Press Release

San Jose Nurses Set Two-Day Strike May 23 to 24

East Bay Sutter RNs Also Set to Strike Beginning May 17

Registered Nurses at Good Samaritan and Regional Medical Center in San Jose have scheduled a two-day strike May 23 and May 24 to protest the refusal of hospital officials to move forward in efforts to end the contract dispute with nurses which centers in large part on proposed elimination of the nurses’ pension plan, and concerns about hospital staffing.
 
The California Nurses Association/National Nurses United represents over 1,400 RNs at the two HCA-affiliated hospitals. The strike will coincide with the final day of a seven-day walkout by RNs at East Bay Sutter hospitals where nurses are also protesting sweeping cuts in contract standards.
 
In San Jose, RNs say they have made numerous efforts to resolve differences with hospital officials while protecting existing contract standards. Instead of working to settle differences, they say, hospital officials have stalled and refused to move forward.
 
The RNs say the care they have provided for patients and the community made the hospitals the successful and very profitable institutions that they are, and that they are seeking to preserve standards while insuring that hospital profits are utilized to improve staffing.
 
Yet hospital officials continue to reject the nurses’ proposals for improvements in critical patient protections, such as sufficient staff for incoming patients and charge nurses available to coordinate care
 
Additionally, the nurses are protesting employer demands to eliminate guaranteed pensions for RNs as well as major cuts in health, dental, and vision care benefits, and wages they say are not competitive with other area hospitals which undermines the ability to recruit new RNs. 
 
“We don’t want to strike but we are compelled to do this to maintain community standards,”  Kat Olah, oncology nurse at Good Samaritan Hospital and a member of the RN bargaining team.
 
“Slashing our benefits is not going to draw and maintain experienced nurses who are committed to this community” Debbie Dennison, Surgical Services RN with over 20 years at Regional Medical Center.  “It will result in more turnover and increased use of temporary staff and that will adversely affect the level of care the hospitals can provide.”
 
Sutter RN Walkout Nears
Meanwhile, RNs at Sutter hospitals in Alameda and Contra Costa counties are scheduled to begin their strike Friday, May 17.
 
They will protest continuing demands by the East Bay Sutter region for dozens of sweeping contract cuts that the RNs, members of the California Nurses Association/National Nurses United, say put patients at risk, and threaten to sharply erode living standards for nurses and their families.
 
At Alta Bates Summit Medical Center hospitals in Berkeley and Oakland, for example, management is insisting on elimination of paid sick leave, effectively forcing nurses to work when ill and exposing already frail and vulnerable patients to further infection.

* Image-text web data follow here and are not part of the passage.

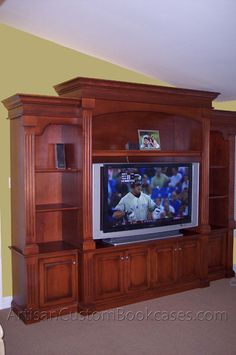 a large entertainment center in a living room with a flat screen tv on the wall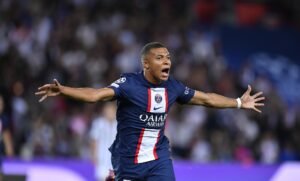 Kylian Mbappe wearing PSG colours and celebrating a goal in a stadium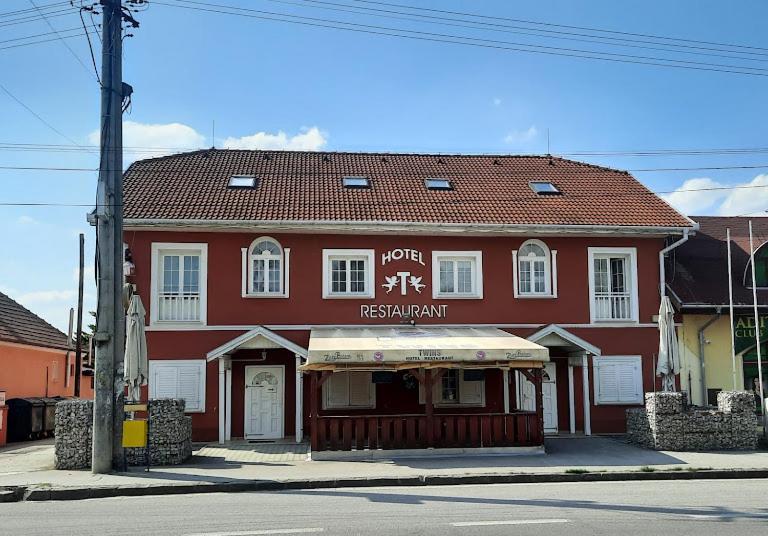 a red building on the corner of a street at Twins in Hurbanovo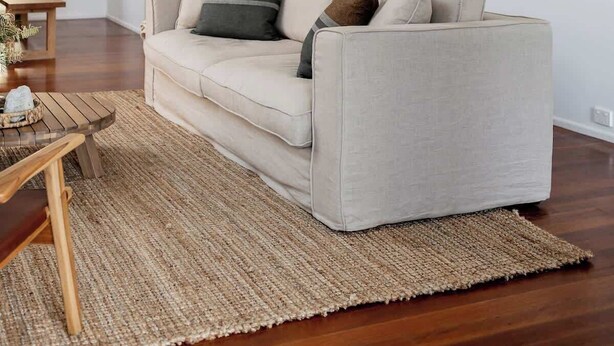 A living room with a sofa, a coffee table, and a rug.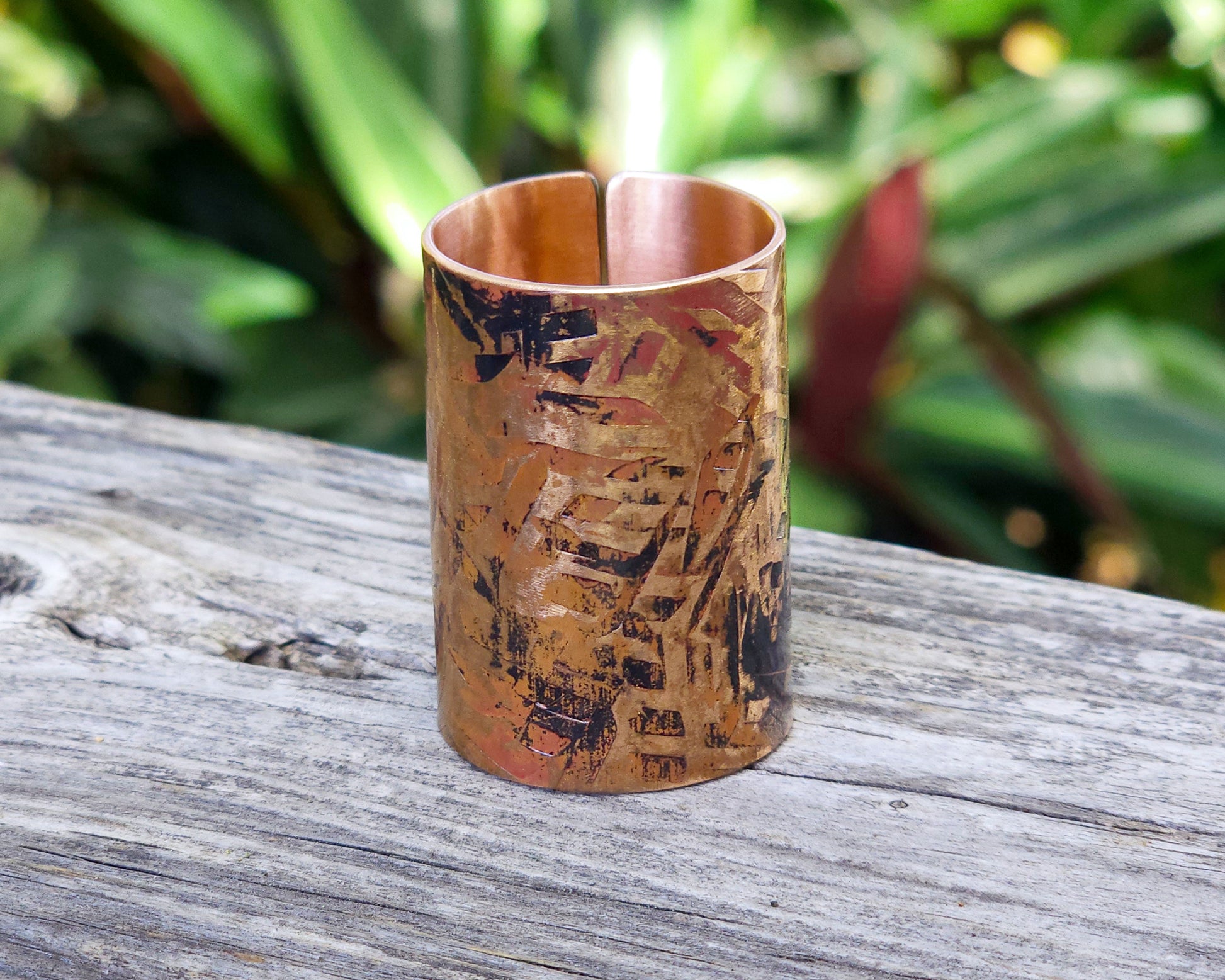 A large texturized hair cuff in copper displayed on a rustic wood board.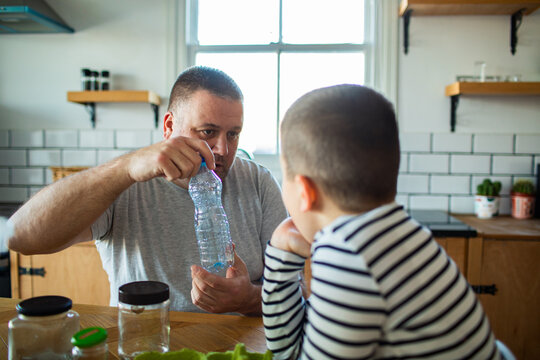 Father teaching son about recycling at the kitchen table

Sutter hospital officials are also demanding termination of all health coverage for nurses and techs who work less than 30 hours per week – which would end health benefits entirely for 535 RNs and 31 techs and their families at the hospitals. Sutter has committed unfair labor practices, as documented by a number of complaints issued by the National Labor Relations Board charging Sutter with retaliation against nurses and a range of misconduct in abrogation of good faith bargaining.